- _WHAT IS EXPECTED_
When the line with "Yu-Gi-Oh! Photon Hypernova Booster Display" turns up below, begin repeating exactly, and carry on through the line with "Flyer Mãe e Filha no Jardim"; no pictures go into the copy.

- _DATA_
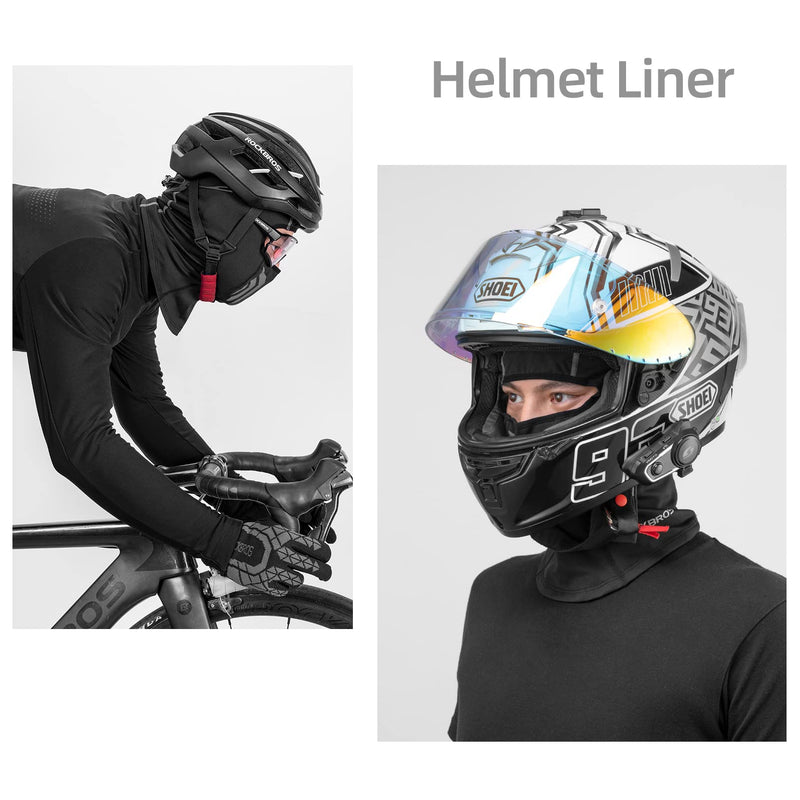 Load image into Gallery viewer, ROCKBROS Windproof Winter Fleece Balaclava for Men - Ski, Cycling, Motorcycle Mask
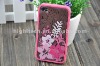 cartoon flowers hard case For Iphone4/ 4s cell Phone Case,cover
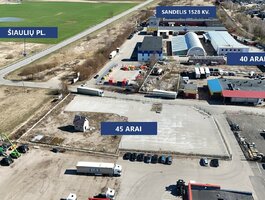 Parduodamos Gamybos ir sandėliavimo patalpos Telšių rajono sav., Telšiuose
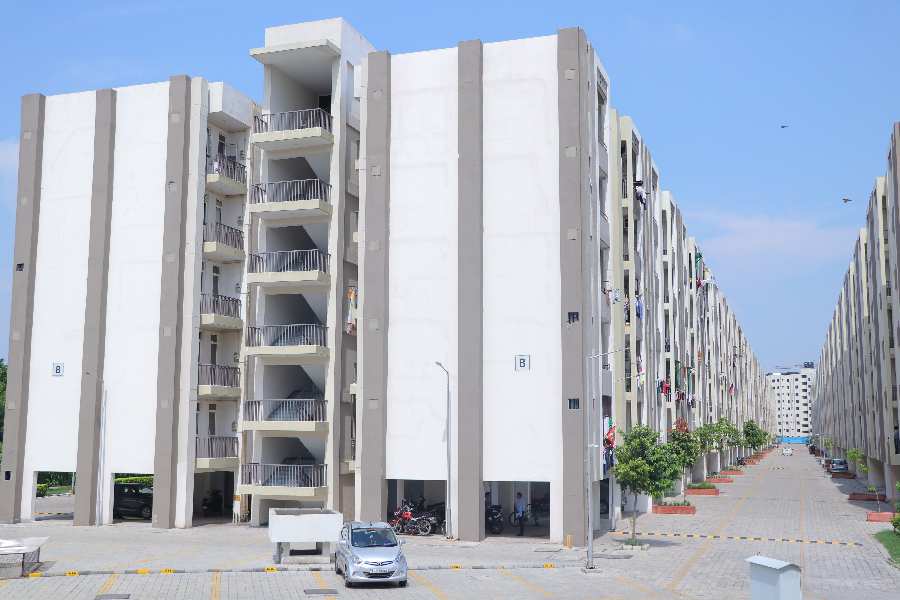 2 BHK Flats & Apartments for Sale in Joshi Colony, Patparganj, Delhi (900 Sq.ft.)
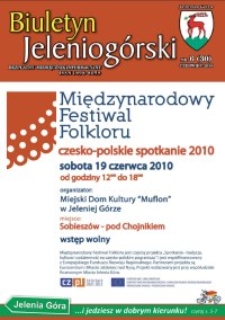 Biuletyn Jeleniogórski : bezpłatny miesięcznik informacyjny, 2010, nr 6 (30)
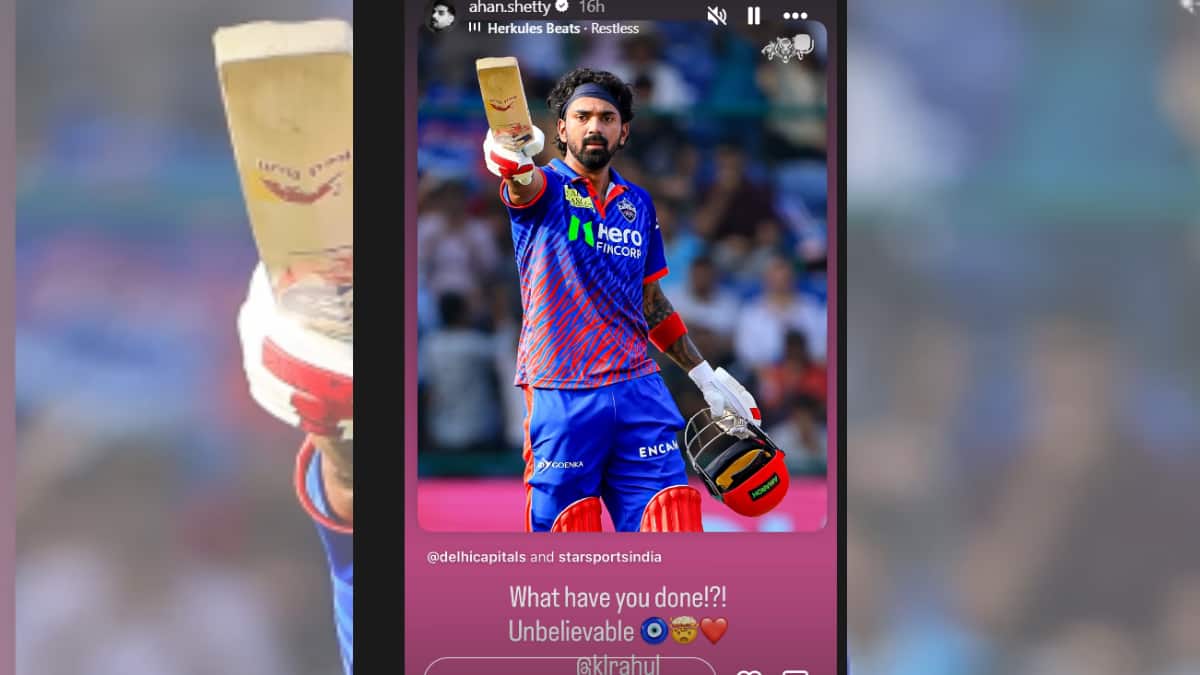 (छवि स्रोत: Instagram/@ahaan.shetty)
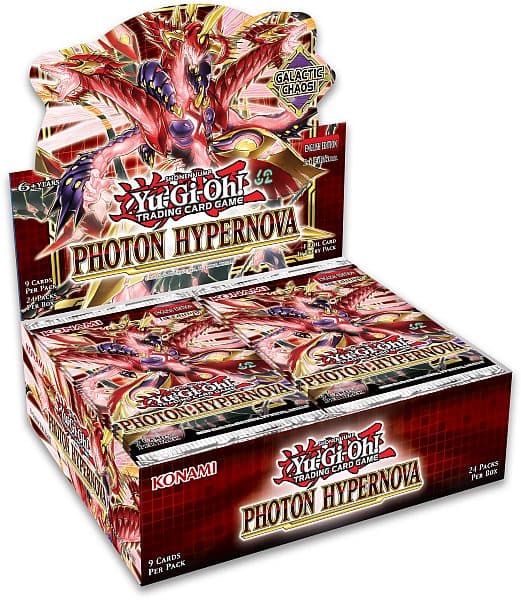 Yu-Gi-Oh! Photon Hypernova Booster Display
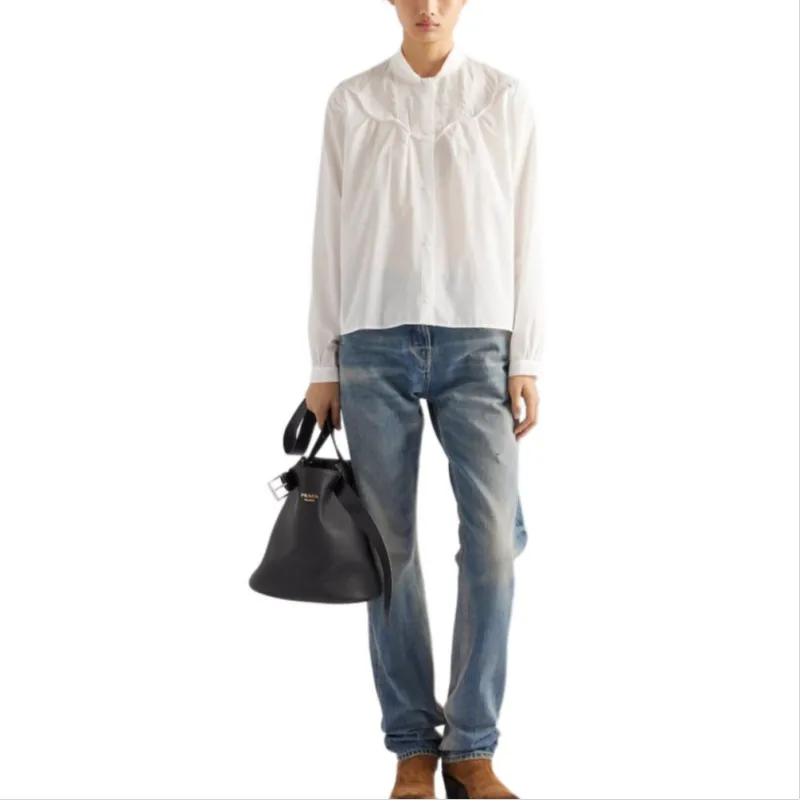 PRADA Shirts Women's White-1
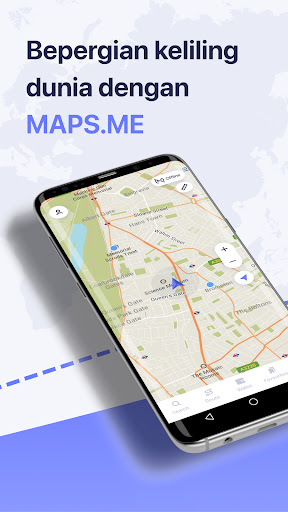 MAPS.ME: Offline maps GPS Nav PC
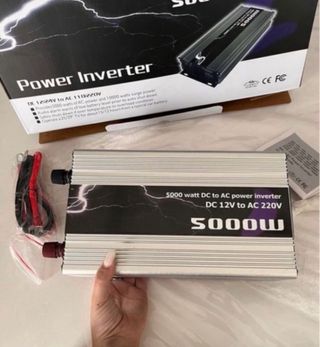 Inverter 5000W DC 12V-AC 220V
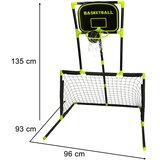 Ikonka KX3814 dječji sportski set 6u1 &amp;ndash; nogomet, ko&amp;scaron;arka, hokej, rugby i gađanje mete Slike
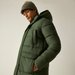 Kurtka męska Marek Longline Regatta - dark khaki(nephrite green)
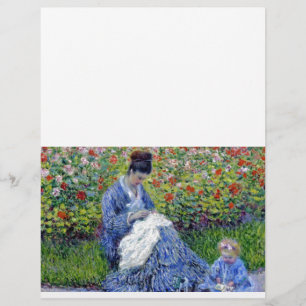 Flyer Mãe e Filha no Jardim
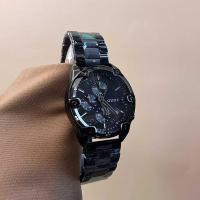 ราคา GUOU GUOU นาฬิกาสปอร์ตมัลติฟังก์ชั่นนาฬิกาข้อมือ Unisex แฟชั่นธุรกิจ Chronograph Quartz Trend นาฬิกา HSXD (43377569004)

- _COMPLETED TASK_
 Yu-Gi-Oh! Photon Hypernova Booster Display
 PRADA Shirts Women's White-1
 MAPS.ME: Offline maps GPS Nav PC
 Inverter 5000W DC 12V-AC 220V
 Ikonka KX3814 dječji sportski set 6u1 &amp;ndash; nogomet, ko&amp;scaron;arka, hokej, rugby i gađanje mete Slike
 Kurtka męska Marek Longline Regatta - dark khaki(nephrite green)
 Flyer Mãe e Filha no Jardim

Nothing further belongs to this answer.